Foundry Digital, operator of the Foundry USA Bitcoin mining pool, has officially launched an institutional‑grade Zcash (ZEC) mining pool that has quickly grown to around 30% of the network’s hashrate, consolidating a significant share of new ZEC issuance under a single U.S.‑regulated operator. The Rochester, New York‑based firm, which Fortune notes already commands about 31% of global Bitcoin production, is positioning its new pool as the default home for institutional miners seeking exposure to privacy‑focused assets without abandoning compliance.finance.
In a Business Wire release, Foundry said the Zcash pool has seen “rapid and sustained hashrate growth reaching ~30% of the current Zcash network hashrate” since it was first announced on March 11, with “multiple institutional mining customers already onboarded and contributing hashrate.” The company stressed that the pool is “designed for professional mining organizations and public companies that require a U.S.-based, compliance-ready partner, including KYC verification in line with Foundry’s institutional standards,” mirroring the governance of its Bitcoin operation.

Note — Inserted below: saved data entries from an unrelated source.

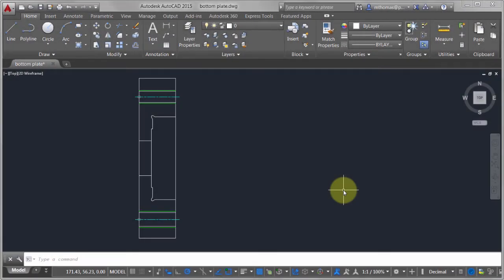If you're not using Dynamic Input, why not? It's one of the better features that Autodesk has added to AutoCAD over the past 10 years. It really can change how you're using AutoCAD.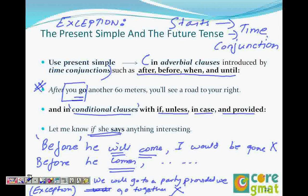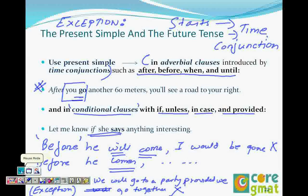Shall we stop here and take the other tenses in the next video? We have continuous tenses coming up next, so we'll cover those in the next video. Thanks a lot.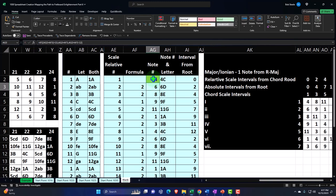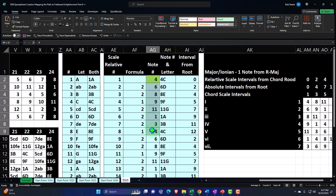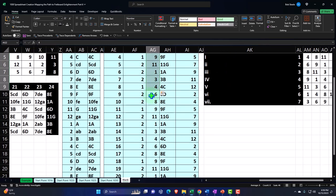Let's go back to C, which is usually the easiest scale to start with. We did our musical formula: whole, whole, half, whole, whole, whole, half — or two notes, two notes, one note, two notes, two notes, two notes, one note — in order to map out our scale. We took all the notes in the musical alphabet, chose a starting point of C, and applied our musical formula to get the notes in the scale. This can be adjusted by changing the keynote to whatever we want, and everything will change automatically from there.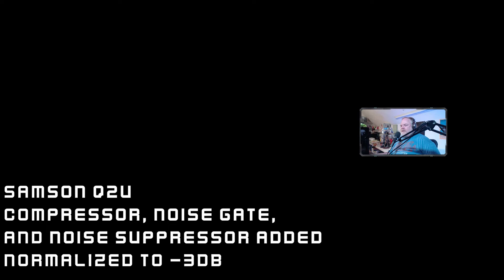Here's a clip of my microphone with all of the effects added — compressor, noise gate, and noise suppression — so you can hear what the finished product sounds like. [Final processed microphone audio demo plays]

Foundry CEO Mike Colyer framed the move as both a bet on Zcash and a response to unmet institutional demand. “Zcash has matured into an institutional‑grade asset, but the mining infrastructure supporting it hasn’t kept pace,” he said, adding that the new pool is “purpose‑built for the operational and compliance requirements of institutional and public miners.”
A CoinMarketCap summary of the launch notes that the pool will offer know‑your‑customer and anti‑money‑laundering checks, transparent payout calculations, reporting tools and 24/7 technical support, with no minimum hashrate required to join.

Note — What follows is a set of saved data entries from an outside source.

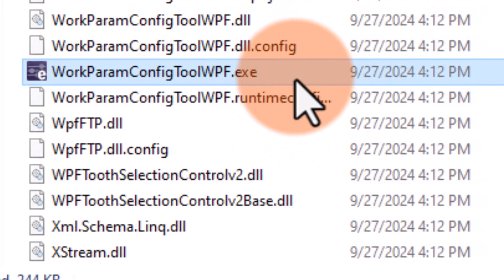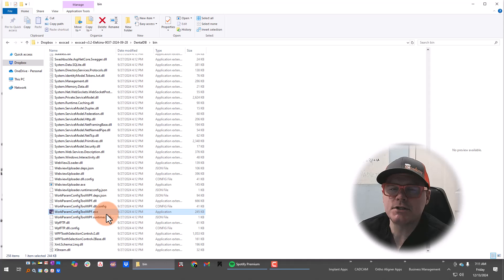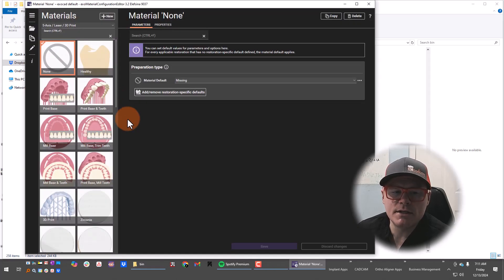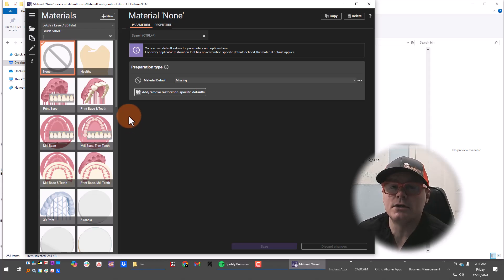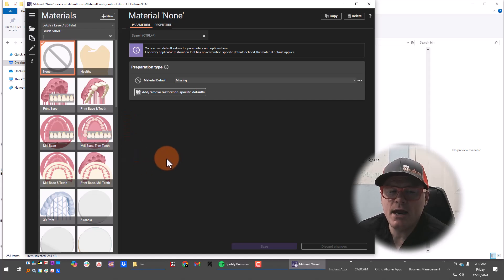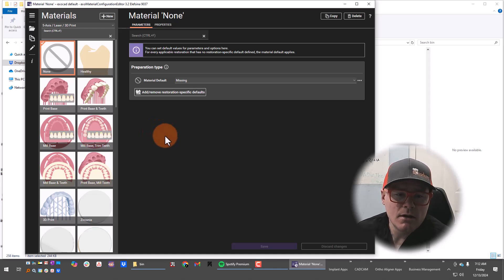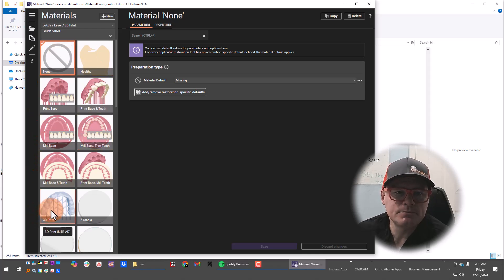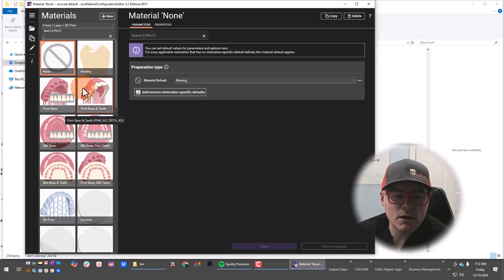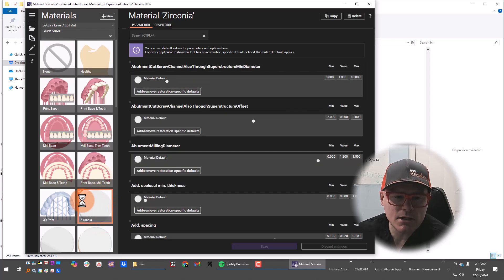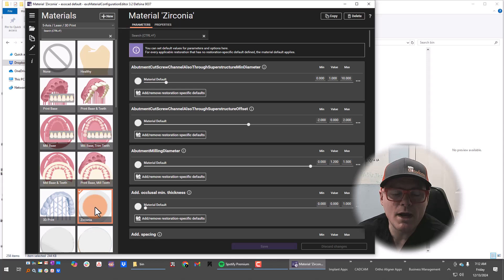We're going to start that program. If you have multiple versions of ExoCad, this tool is in every version and it saves settings for that specific folder. So if you're using multiple versions, you're going to have to run this tool every single time you install a new version. This is the work parameters configuration tool, and on the left side you'll see all of the material choices. For crowns, I use the zirconia material option, so I'm going to click Zirconia in the right column.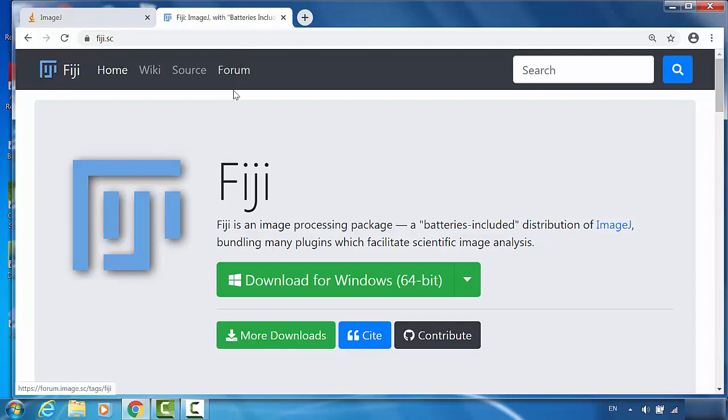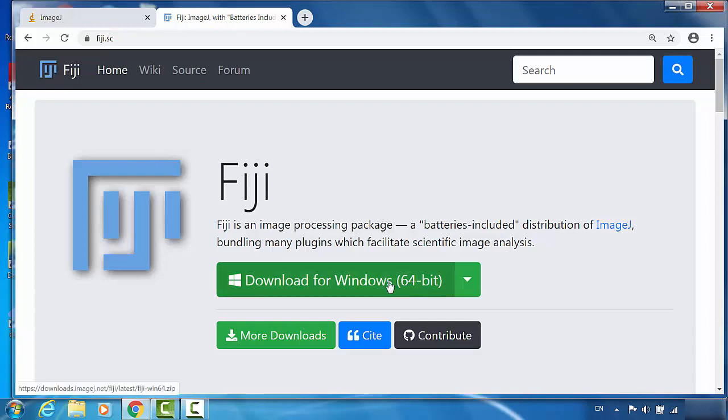Fiji actually stands for Fiji is just ImageJ. You can choose different platforms, but I'm a PC guy, so we will go through Windows. I just click download.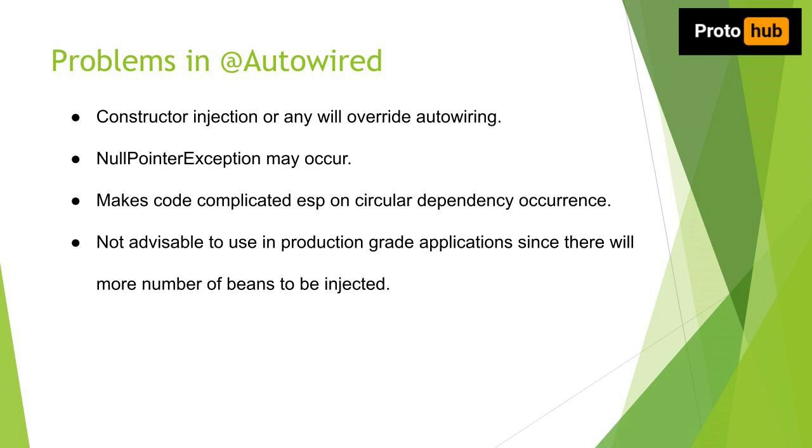Third problem is @Autowired can make the code more complex, especially when dealing with circular dependencies. When two or more classes depend on each other, it becomes hard to determine the order in which they should be instantiated.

Zcash, launched in 2016, relies on zero‑knowledge proofs (zk‑SNARKs) to enable shielded transactions that hide sender, receiver and amount while still allowing selective disclosure to auditors or regulators. Foundry and several commentators have argued that this “privacy with a view key” model is more compatible with institutional compliance than fully opaque systems like Monero, which lack native mechanisms for selective transparency.

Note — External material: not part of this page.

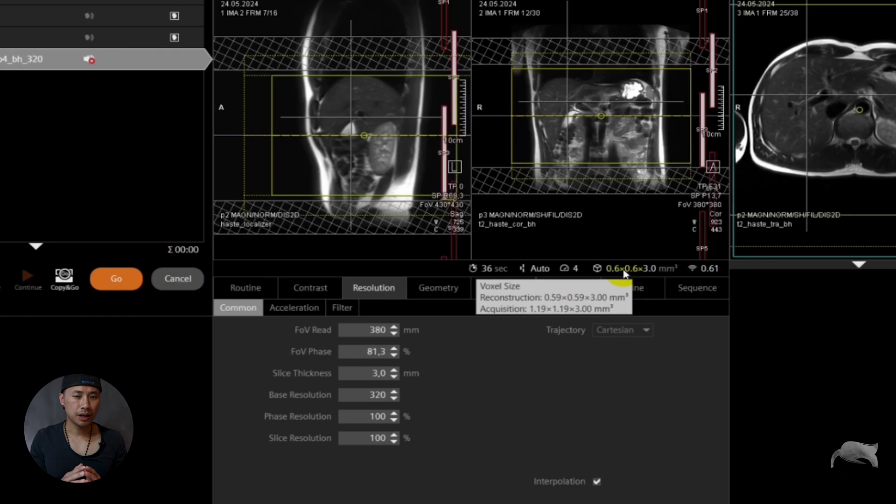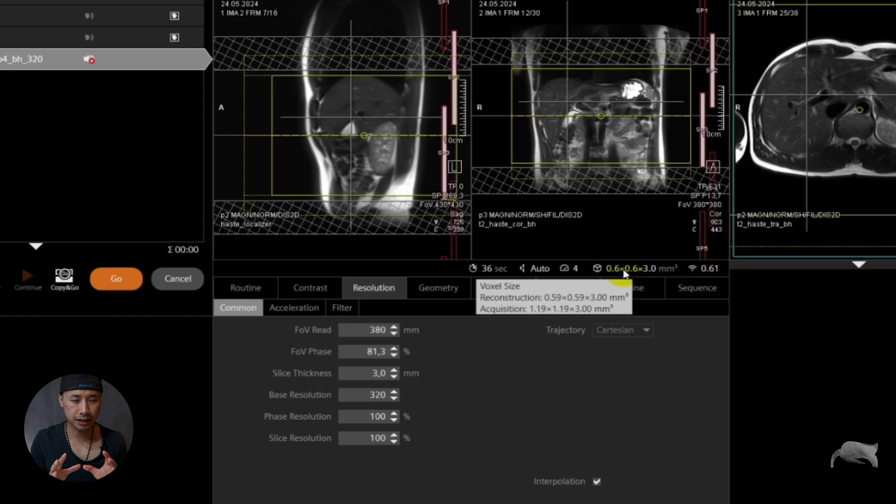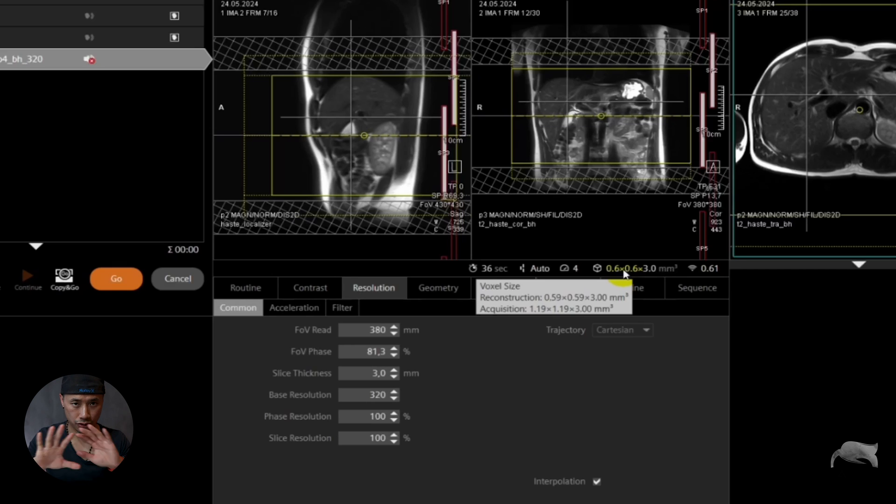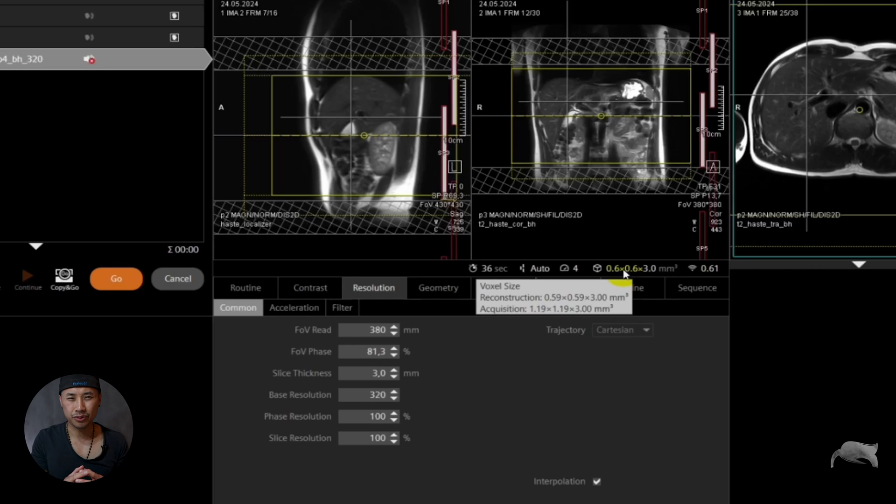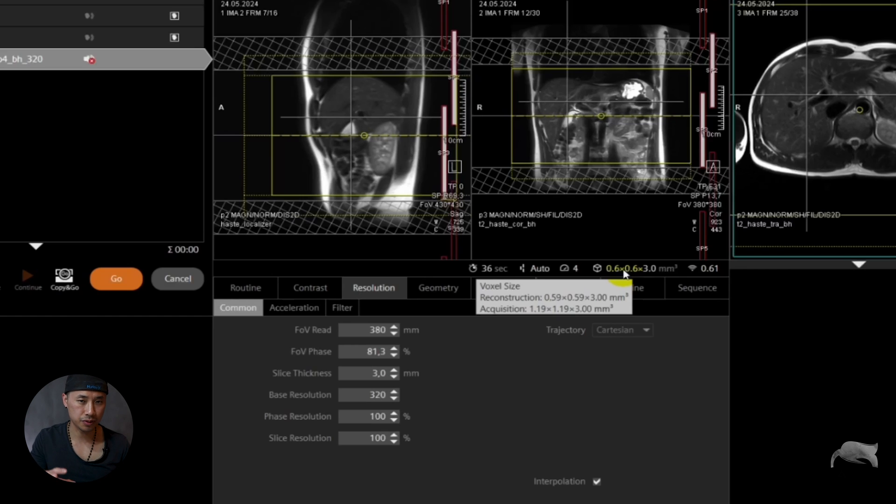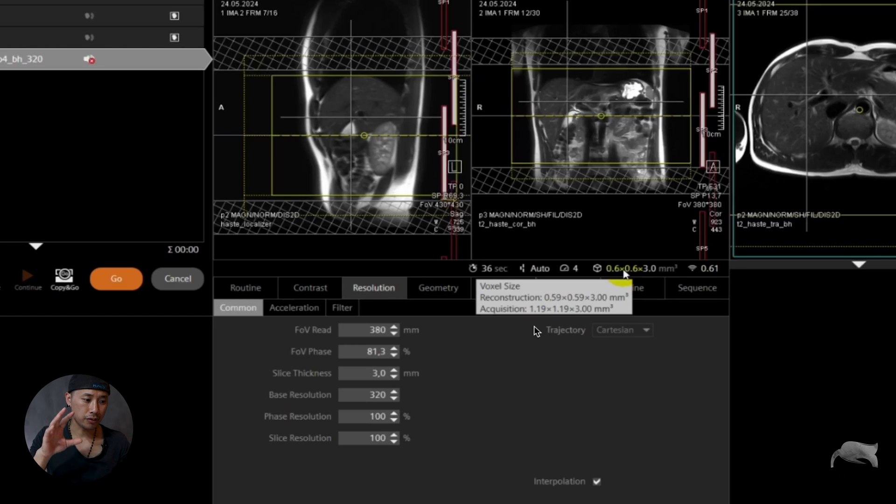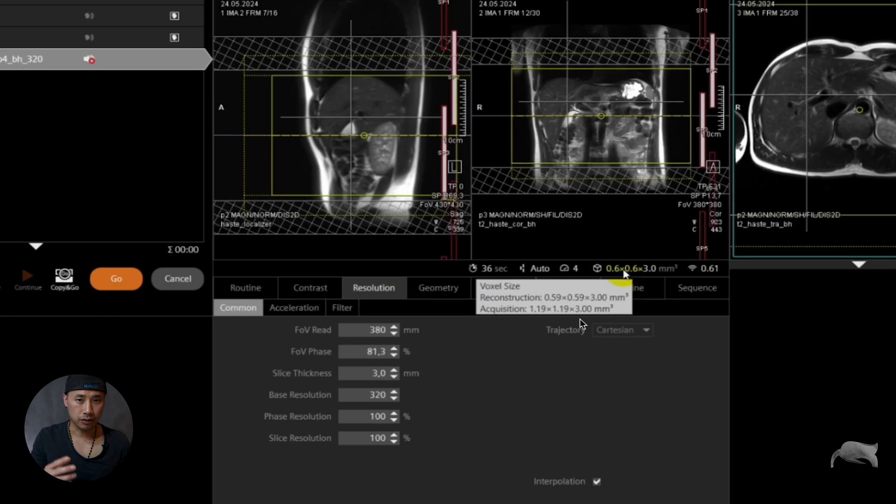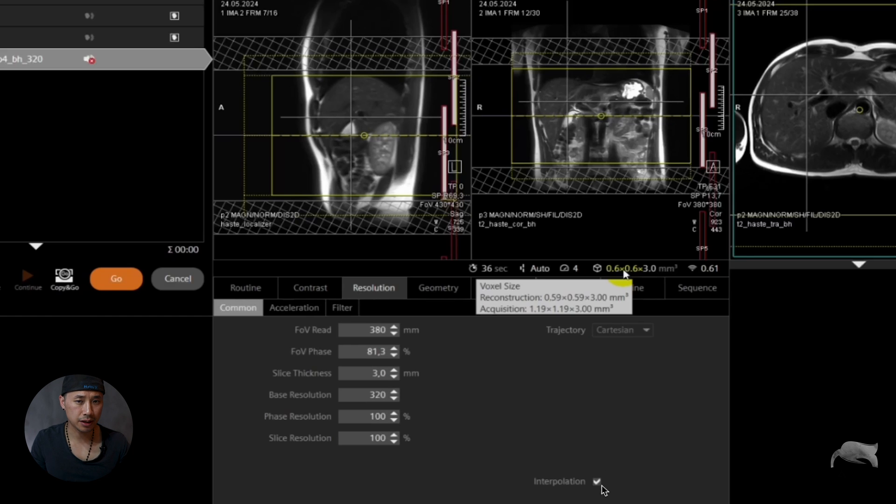If you choose the phase resolution 100% as well, that means now that you are doing everything as true, no interpolation or reduction in the percentage when it comes to phase and slice. That means that you acquire now 1.19, 1.19, and then 3 millimeter.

At the same time, the arrival of a U.S. pool with roughly one‑third of Zcash’s hashrate raises familiar centralisation questions. Unfolded and other mining trackers have previously highlighted that Foundry USA already coordinates about 30% of Bitcoin’s global hashrate, and Mempool.space data shows the pool averaging more than 340 exahashes per second on Bitcoin alone. Adding a Zcash operation that quickly captures around one‑third of ZEC issuance further concentrates influence over block production in a single corporate group, albeit one that stresses its role in “contribut[ing] to the decentralization of Bitcoin’s hashrate” by anchoring North American capacity.
For Zcash, the trade‑off is stark: institutional capital and hashpower are flowing in through a U.S.‑regulated gateway that validates the project’s positioning as a compliant privacy coin, but at the cost of a more concentrated mining landscape. As regulators in the U.S., EU and Hong Kong tighten their grip on stablecoins, exchanges and tokenized assets — a trend explored in recent crypto.news coverage of HKDAP’s launch, MiCA implementation and the CLARITY Act — Zcash’s bet is that privacy with selective disclosure, plus a mining pool built for auditors rather than cypherpunks, is a price worth paying for long‑term relevance.